The World Economic Forum has branded this year’s event as “Creating a Shared Future in a Fractured World.” The event is well known for sprinkling in some seminars on reducing economic inequality. The hypocrisy of this exercise was captured neatly in a blog post last Friday, titled “Dutiful Dirges of Davos,” by Branko Milanovic who wrote:

“This return to the industrial relations and tax policies of the early 19th century is bizarrely spearheaded by people who speak the language of equality, respect, participation, and transparency. None of them is in favor of ‘Master and Servant Act’ or forced labor. It just so happened that the language of equality has been harnessed in the pursuit of structurally most inegalitarian policies over the past fifty years, or more…

“They are loath to pay a living wage, but they will fund a philharmonic orchestra. They will ban unions, but they will organize a workshop on transparency in government.”
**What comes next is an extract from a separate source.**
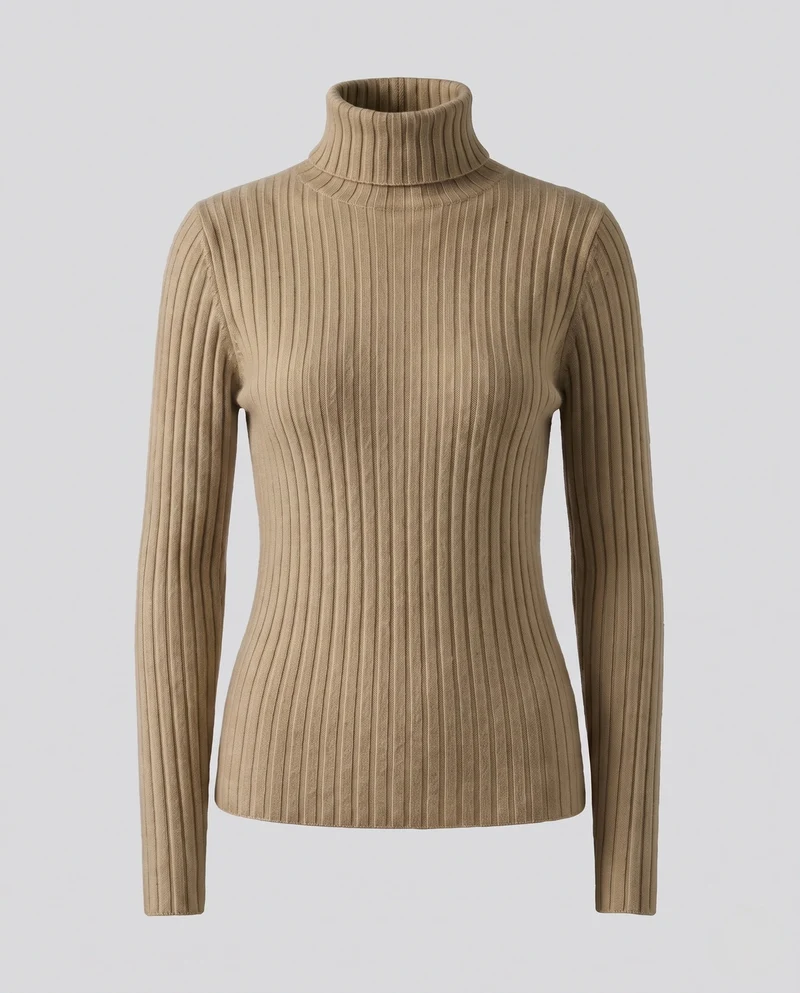 Damen Figurbetonter gerippter Feinstrickpullover mit kurzem Stehkragen und kaschmirähnlicher Weichheit Nord Taschen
Cohn, who has his ear closely to the ground on Wall Street, has no doubt picked up the buzz that corporate CEOs in America are whispering in negative terms about Trump’s leadership. Davos is no doubt Cohn’s effort to rehabilitate the President’s image away from the porn star scandal and “sh**hole” denigration of African nations by putting him on a global stage attended by 500 members of the press and letting Trump deliver a speech that somebody else wrote for him.

Trump’s trip to Davos comes one week after a new Gallup poll was released showing global approval of US leadership at just 30%, behind China at 31% and Russia at 27%. Germany moved into the top slot in the world with a leadership approval rating of 41%.

German Chancellor Angela Merkel delivered a speech today at the Forum and warned against populist “poison.” The jab was likely directed at forces within the European Union as well as at Trump.